Exercise prompt => Output nothing but the lines from the beginning of the listing below through the line containing "Finance Minister Dinh Tien Dung. Photo: VNA", exactly as they stand, without pictures.

Source records =>
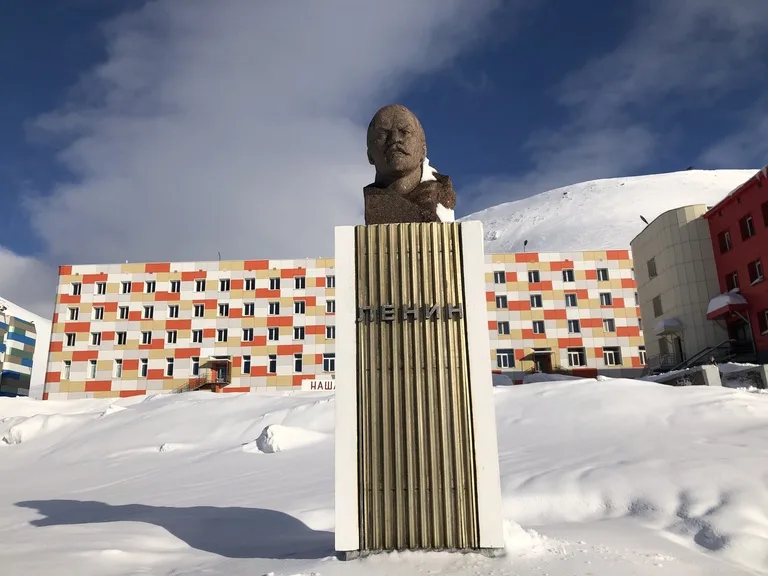 スバールバル諸島（svalbard）のバレンツブルグにあるレーニン像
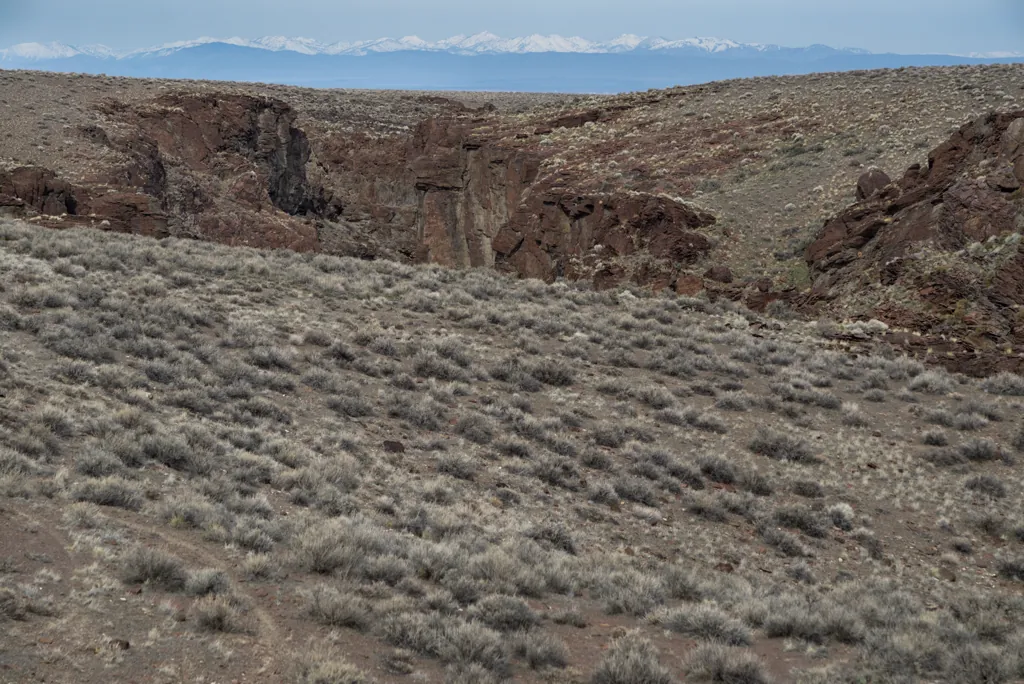 Gorge begins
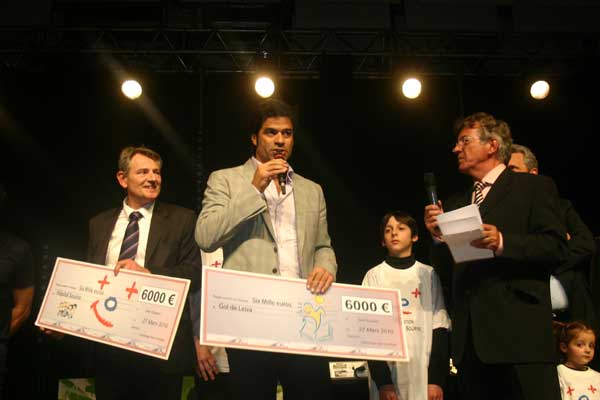 Remise des 2 ch. de 6000 € (à M. Vines d'Hôpital sourire et à Raï de Gol de letra)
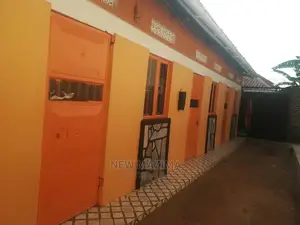 3bdrm House in Nansana Ganda, Central Division for Sale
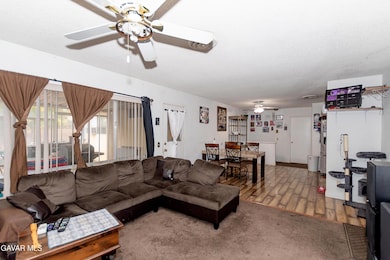 44512 N Tabler Ave, Lancaster, CA 93535 - photo 4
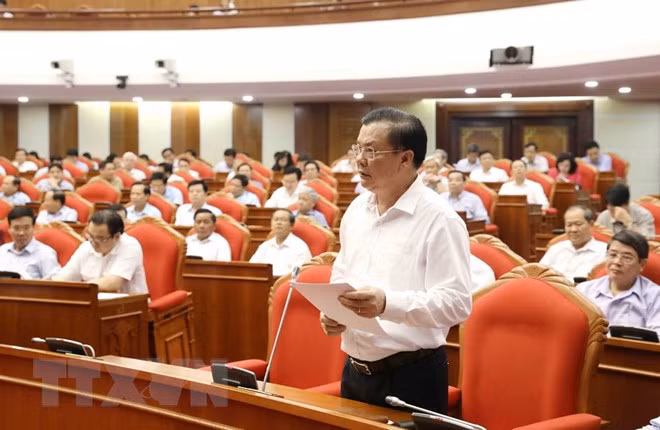 Finance Minister Dinh Tien Dung. Photo: VNA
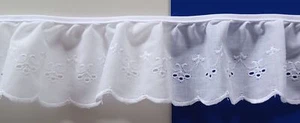 3 Yds. Pure White Ruffled 2 3/4" Eyelet Lace L-729 - Picture 1 of 3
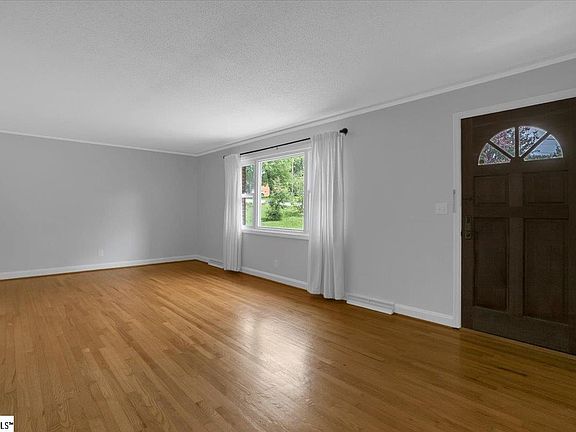 5th image of 115 Hartsville Dr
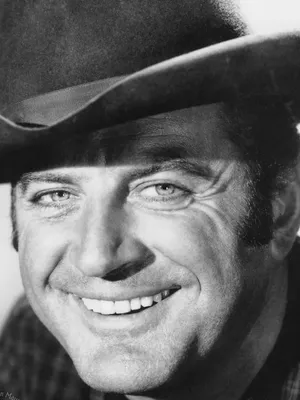 Brad Dexter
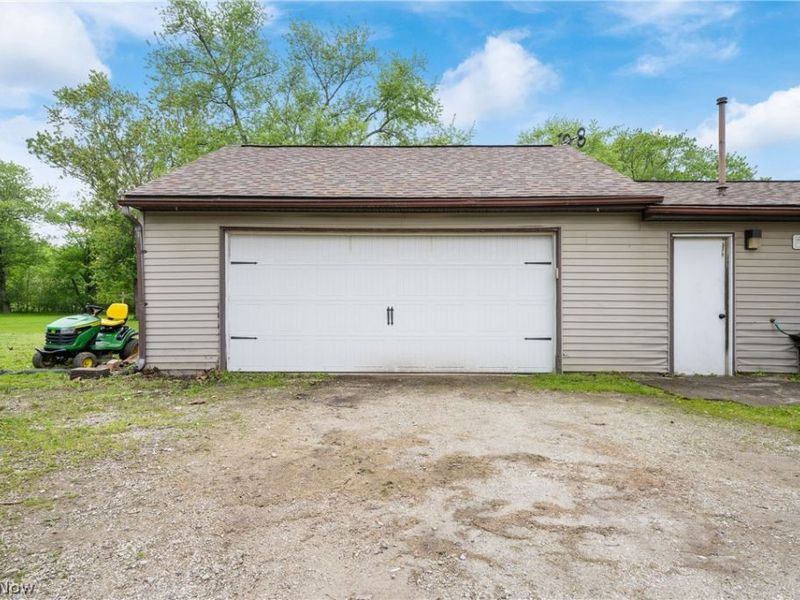 5434 Clay Street, Louisville, OH 44641 Photo 27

Response for this exercise =>
 スバールバル諸島（svalbard）のバレンツブルグにあるレーニン像
 Gorge begins
 Remise des 2 ch. de 6000 € (à M. Vines d'Hôpital sourire et à Raï de Gol de letra)
 3bdrm House in Nansana Ganda, Central Division for Sale
 44512 N Tabler Ave, Lancaster, CA 93535 - photo 4
 Finance Minister Dinh Tien Dung. Photo: VNA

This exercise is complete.